Manhattan

Roach coach guy: How was your trip?
Hipster girl: Oh good! But I didn’t go…

–31st & 6th

Overheard by: Stephanie Landry

Queer: When did this song come out?
DJ: I was in diapers.
Queer: That’s hot!
DJ: You think?
Queer: I won’t date guys in their thirties anymore. They’re so conservative.
DJ: Uh-huh.
Queer: I wanna be your daddy!
DJ: Put it on paper.

–Barrage, W. 47th Street

Overheard by: Nick Salvato

Chick: He was not really completely gay.
Guy: What was he, then?
Chick: He was more just completely fabulous.

–10th & Broadway

Overheard by: jennifer

Girl: I’m pathetic enough but not fabulous enough to be a fag hag.

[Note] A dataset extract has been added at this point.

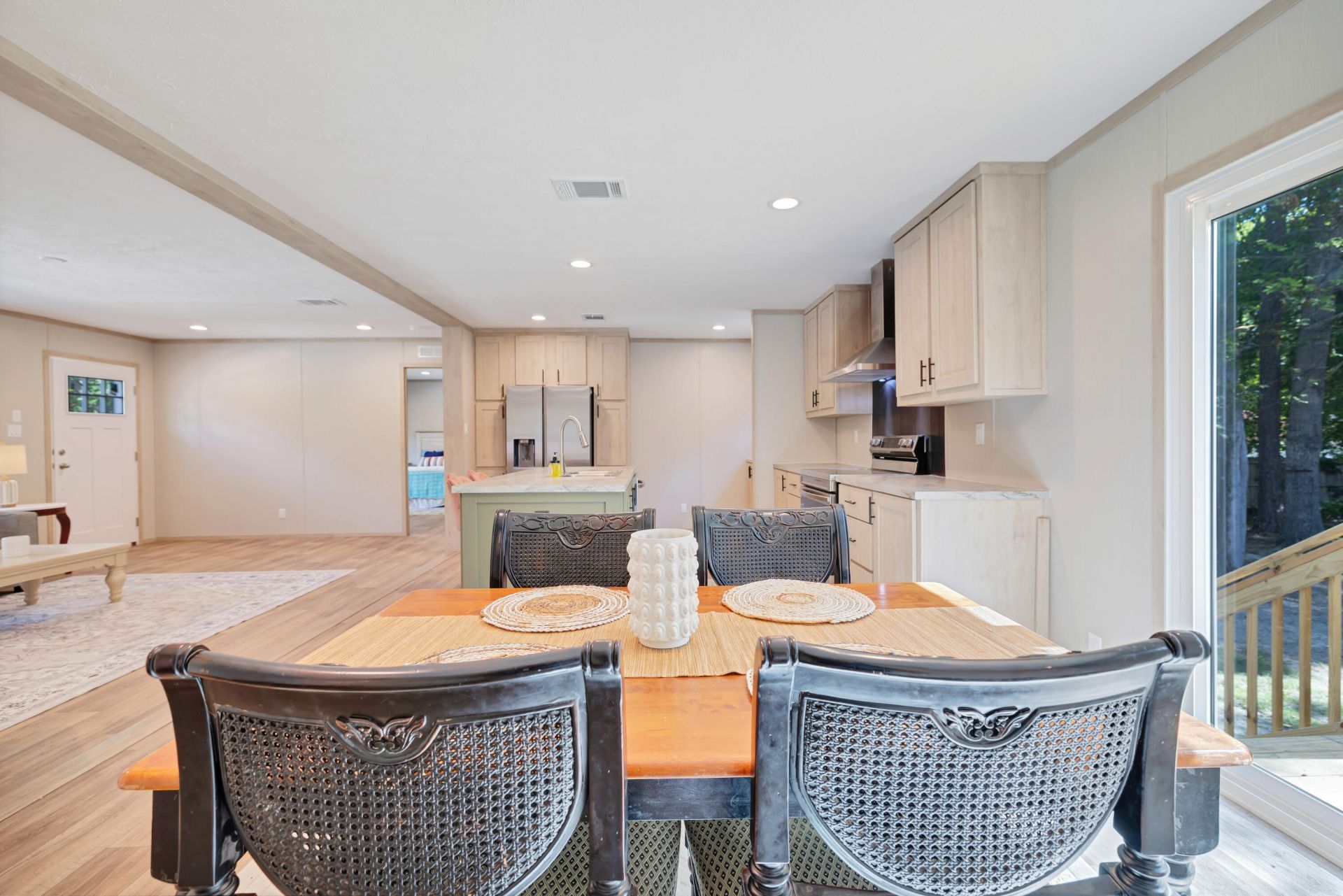 1044 Longpoint Road Photo 14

–The Ansonia, 73rd & Broadway

Overheard by: Betty Noir

Girl #1: You shouldn’t feel sorry for yourself. We are single and fabulous, explanation point.
Girl #2: …Don’t you mean “exclamation point”?

–Garden Cafe, Inwood

Guy #1: …I walked in and the warehouse was just full of tiny little boots.
Guy #2: That sounds fabulous.

–Central Park

Woman #1: I was watching this travel show the other night, and there was a bit about this cathedral in Prague built entirely out of bones.
Woman #2: Human bones?
Woman #1: Yeah. I think it was done as a memorial to the Jews that died in World War II.

–Michael Jordan’s Steak House, Vanderbilt Avenue

Girl #1: Did you know Will doesn’t like saggy boobs?
Girl #2: What?
Girl #1: You know, the ones that go to the hips.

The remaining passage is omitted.